Gestion : Quelles répercussions ce stress peut-il avoir sur les individus?

R.R. : Il peut amener des conséquences physiologiques très négatives. Par exemple, des recherches ont démontré que plusieurs formes d’interactions entre les humains et les outils numériques déclenchent une suractivation du système nerveux sympathique — qui est responsable de la réaction de lutte ou de fuite dans certaines situations de danger, NDLR —, ce qui entraîne notamment une forte augmentation de la pression sanguine. À moyen et long terme, cela peut provoquer des problèmes de santé assez sérieux. Ces interactions augmentent aussi la production des trois principales hormones de stress : l’adrénaline, la noradrénaline et le cortisol, ce qui peut causer des ennuis de santé.

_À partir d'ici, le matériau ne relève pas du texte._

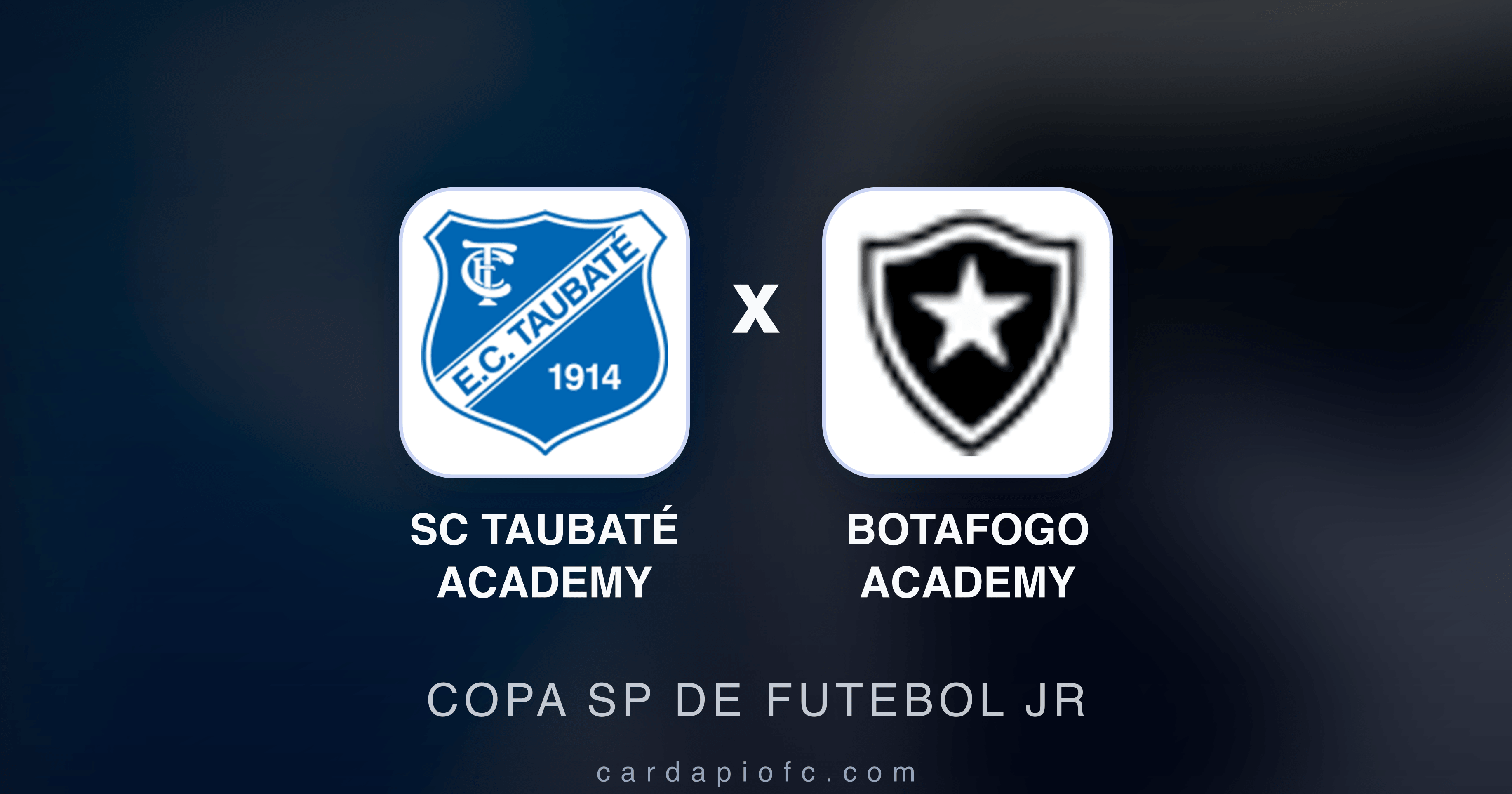 Prévia da transmissão de SC Taubaté Academy x Botafogo Academy (Copa SP de Futebol JR)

Gestion : Le technostress engendre-t-il des effets négatifs sur les organisations elles-mêmes?

R.R. : Oui, absolument. On voit des corrélations significatives entre l’augmentation du technostress et une hausse de l’absentéisme. Il favoriserait également une baisse de la motivation au travail et de l’engagement envers l’organisation, ainsi qu’une dégradation de la performance.

Gestion : Comment peut-on réduire le technostress chez les individus?

R.R. : La principale recommandation à cet égard est assez claire : diminuer la quantité d’interactions que l’on a avec des outils numériques. Mais ce n’est pas toujours possible de le faire au travail. Une manière de contourner ce problème consisterait à réduire significativement ces interactions dans sa vie personnelle, par exemple en arrêtant l’utilisation de certains médias sociaux.

On peut aussi mieux réguler l’emploi de certains outils, comme le courriel. Beaucoup de gens vérifient leur boîte de courriels très fréquemment dans une journée, parfois même aussitôt qu’une notification les informe de l’arrivée d’un nouveau message. Cela engendre du stress et nuit à la productivité. On devrait plutôt consulter sa boîte de courriels une fois le matin, le midi et en fin de journée. Cependant, certaines personnalités ne vivent pas bien avec ce rythme, car leur peur de rater quelque chose d’important devient une source de stress plus dommageable que le fait de toujours regarder ses courriels. Les solutions doivent être adaptées en fonction de chaque personne.

Gestion : Quelles décisions les gestionnaires peuvent-ils prendre pour diminuer le technostress de leurs employés?

R.R. : La réflexion au sujet de l’utilisation des outils numériques et des plateformes collaboratives devrait être beaucoup plus poussée qu’elle ne l’est actuellement. Les gestionnaires connaissent très peu les résultats des recherches scientifiques sur le technostress. Cela les amène parfois à prendre des décisions contre-productives. Par exemple, plusieurs organisations souhaitent miser sur une approche agile, mais augmentent en même temps le recours à des plateformes collaboratives et au travail à distance ou en mode hybride. Or, les méthodes agiles ont été développées pour du travail en équipe en présentiel. C’est contradictoire.

Gestion : Sur quels aspects du technostress vos prochaines recherches porteront-elles?

R.R. : La montée des vidéoconférences mérite d’être analysée de très près. Les gens ont l’impression que ça se rapproche beaucoup d’une rencontre en présentiel, mais plusieurs mécanismes font que c’est en fait assez différent. C’est pour cela que l’on voit émerger des problèmes comme la fatigue de vidéoconférence, dont les recherches montrent qu’elle peut augmenter les risques d’épuisement professionnel.

Plusieurs raisons expliquent cela. Par exemple, nous avons l’impression qu’une vidéoconférence est parfaitement synchrone, mais ce n’est pas le cas. Il y a toujours un petit délai dans la transmission. Notre cerveau le perçoit et travaille en continu pour s’y adapter. Cela engendre de la fatigue et du stress. Le fait de se voir à l’écran pendant qu’on parle constitue un autre élément très différent d’une rencontre en personne. Les gens sont distraits et se demandent comment les gens les voient. Ça aussi, ça cause du stress.

Les gestionnaires doivent donc tenir compte du technostress lorsqu’ils planifient l’utilisation des outils numériques ou encore la possibilité de travailler à distance. Je crois que l’une de mes tâches les plus importantes consiste à combler le fossé qui existe entre les connaissances produites par les recherches scientifiques et les pratiques des gestionnaires.

Biographie

Le Dr René Riedl, professeur à University of Applied Sciences Upper Austria et à l’Université de Linz en Autriche, est un expert de renommée internationale et auteur d’ouvrages à succès dans le domaine du stress lié à la technologie.